WHAT YOU WILL DO -> Copy each record below without changing a single word.

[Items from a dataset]
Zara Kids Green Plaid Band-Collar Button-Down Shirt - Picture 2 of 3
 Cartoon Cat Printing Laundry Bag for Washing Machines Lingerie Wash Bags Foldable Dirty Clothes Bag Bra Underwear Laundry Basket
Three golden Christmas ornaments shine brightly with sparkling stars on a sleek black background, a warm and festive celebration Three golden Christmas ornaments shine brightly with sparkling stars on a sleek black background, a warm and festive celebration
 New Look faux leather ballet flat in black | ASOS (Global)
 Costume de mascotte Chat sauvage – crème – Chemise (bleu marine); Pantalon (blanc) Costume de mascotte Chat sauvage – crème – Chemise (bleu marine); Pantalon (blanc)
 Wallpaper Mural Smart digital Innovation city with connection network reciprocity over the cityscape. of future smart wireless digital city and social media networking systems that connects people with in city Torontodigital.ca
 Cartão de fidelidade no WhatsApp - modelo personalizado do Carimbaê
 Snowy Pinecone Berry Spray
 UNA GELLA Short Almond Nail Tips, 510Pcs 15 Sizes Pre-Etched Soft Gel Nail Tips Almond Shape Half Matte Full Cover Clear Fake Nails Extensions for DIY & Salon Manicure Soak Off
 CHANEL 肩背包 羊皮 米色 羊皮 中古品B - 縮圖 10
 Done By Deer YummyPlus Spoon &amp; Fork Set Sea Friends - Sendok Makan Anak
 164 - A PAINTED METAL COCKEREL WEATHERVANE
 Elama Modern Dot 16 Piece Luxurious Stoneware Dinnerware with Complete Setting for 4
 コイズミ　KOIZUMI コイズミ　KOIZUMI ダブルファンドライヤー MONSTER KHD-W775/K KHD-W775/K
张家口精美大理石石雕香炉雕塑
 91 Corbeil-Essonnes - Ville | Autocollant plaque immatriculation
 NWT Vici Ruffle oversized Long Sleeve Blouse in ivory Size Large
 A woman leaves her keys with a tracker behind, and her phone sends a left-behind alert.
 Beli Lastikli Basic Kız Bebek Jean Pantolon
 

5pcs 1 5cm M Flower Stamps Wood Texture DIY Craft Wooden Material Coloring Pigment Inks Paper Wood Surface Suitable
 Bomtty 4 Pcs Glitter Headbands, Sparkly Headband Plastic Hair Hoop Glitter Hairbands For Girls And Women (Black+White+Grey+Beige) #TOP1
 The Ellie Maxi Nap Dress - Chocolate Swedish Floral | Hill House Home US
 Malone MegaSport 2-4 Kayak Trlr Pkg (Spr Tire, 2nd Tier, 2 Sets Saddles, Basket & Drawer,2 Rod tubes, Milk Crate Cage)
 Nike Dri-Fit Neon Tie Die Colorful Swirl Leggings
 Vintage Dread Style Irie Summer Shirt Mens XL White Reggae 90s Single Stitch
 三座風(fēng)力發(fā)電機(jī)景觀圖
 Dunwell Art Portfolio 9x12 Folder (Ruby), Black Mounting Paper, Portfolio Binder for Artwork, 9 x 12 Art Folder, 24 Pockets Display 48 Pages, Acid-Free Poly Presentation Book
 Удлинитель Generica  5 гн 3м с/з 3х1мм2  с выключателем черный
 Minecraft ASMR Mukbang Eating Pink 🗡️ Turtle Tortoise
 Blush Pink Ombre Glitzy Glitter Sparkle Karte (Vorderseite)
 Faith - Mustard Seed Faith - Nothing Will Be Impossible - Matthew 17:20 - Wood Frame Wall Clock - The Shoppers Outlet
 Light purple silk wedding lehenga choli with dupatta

RESPONSE AREA ->
Zara Kids Green Plaid Band-Collar Button-Down Shirt - Picture 2 of 3
 Cartoon Cat Printing Laundry Bag for Washing Machines Lingerie Wash Bags Foldable Dirty Clothes Bag Bra Underwear Laundry Basket
Three golden Christmas ornaments shine brightly with sparkling stars on a sleek black background, a warm and festive celebration Three golden Christmas ornaments shine brightly with sparkling stars on a sleek black background, a warm and festive celebration
 New Look faux leather ballet flat in black | ASOS (Global)
 Costume de mascotte Chat sauvage – crème – Chemise (bleu marine); Pantalon (blanc) Costume de mascotte Chat sauvage – crème – Chemise (bleu marine); Pantalon (blanc)
 Wallpaper Mural Smart digital Innovation city with connection network reciprocity over the cityscape. of future smart wireless digital city and social media networking systems that connects people with in city Torontodigital.ca
 Cartão de fidelidade no WhatsApp - modelo personalizado do Carimbaê
 Snowy Pinecone Berry Spray
 UNA GELLA Short Almond Nail Tips, 510Pcs 15 Sizes Pre-Etched Soft Gel Nail Tips Almond Shape Half Matte Full Cover Clear Fake Nails Extensions for DIY & Salon Manicure Soak Off
 CHANEL 肩背包 羊皮 米色 羊皮 中古品B - 縮圖 10
 Done By Deer YummyPlus Spoon &amp; Fork Set Sea Friends - Sendok Makan Anak
 164 - A PAINTED METAL COCKEREL WEATHERVANE
 Elama Modern Dot 16 Piece Luxurious Stoneware Dinnerware with Complete Setting for 4
 コイズミ　KOIZUMI コイズミ　KOIZUMI ダブルファンドライヤー MONSTER KHD-W775/K KHD-W775/K
张家口精美大理石石雕香炉雕塑
 91 Corbeil-Essonnes - Ville | Autocollant plaque immatriculation
 NWT Vici Ruffle oversized Long Sleeve Blouse in ivory Size Large
 A woman leaves her keys with a tracker behind, and her phone sends a left-behind alert.
 Beli Lastikli Basic Kız Bebek Jean Pantolon
 

5pcs 1 5cm M Flower Stamps Wood Texture DIY Craft Wooden Material Coloring Pigment Inks Paper Wood Surface Suitable
 Bomtty 4 Pcs Glitter Headbands, Sparkly Headband Plastic Hair Hoop Glitter Hairbands For Girls And Women (Black+White+Grey+Beige) #TOP1
 The Ellie Maxi Nap Dress - Chocolate Swedish Floral | Hill House Home US
 Malone MegaSport 2-4 Kayak Trlr Pkg (Spr Tire, 2nd Tier, 2 Sets Saddles, Basket & Drawer,2 Rod tubes, Milk Crate Cage)
 Nike Dri-Fit Neon Tie Die Colorful Swirl Leggings
 Vintage Dread Style Irie Summer Shirt Mens XL White Reggae 90s Single Stitch
 三座風(fēng)力發(fā)電機(jī)景觀圖
 Dunwell Art Portfolio 9x12 Folder (Ruby), Black Mounting Paper, Portfolio Binder for Artwork, 9 x 12 Art Folder, 24 Pockets Display 48 Pages, Acid-Free Poly Presentation Book
 Удлинитель Generica  5 гн 3м с/з 3х1мм2  с выключателем черный
 Minecraft ASMR Mukbang Eating Pink 🗡️ Turtle Tortoise
 Blush Pink Ombre Glitzy Glitter Sparkle Karte (Vorderseite)
 Faith - Mustard Seed Faith - Nothing Will Be Impossible - Matthew 17:20 - Wood Frame Wall Clock - The Shoppers Outlet
 Light purple silk wedding lehenga choli with dupatta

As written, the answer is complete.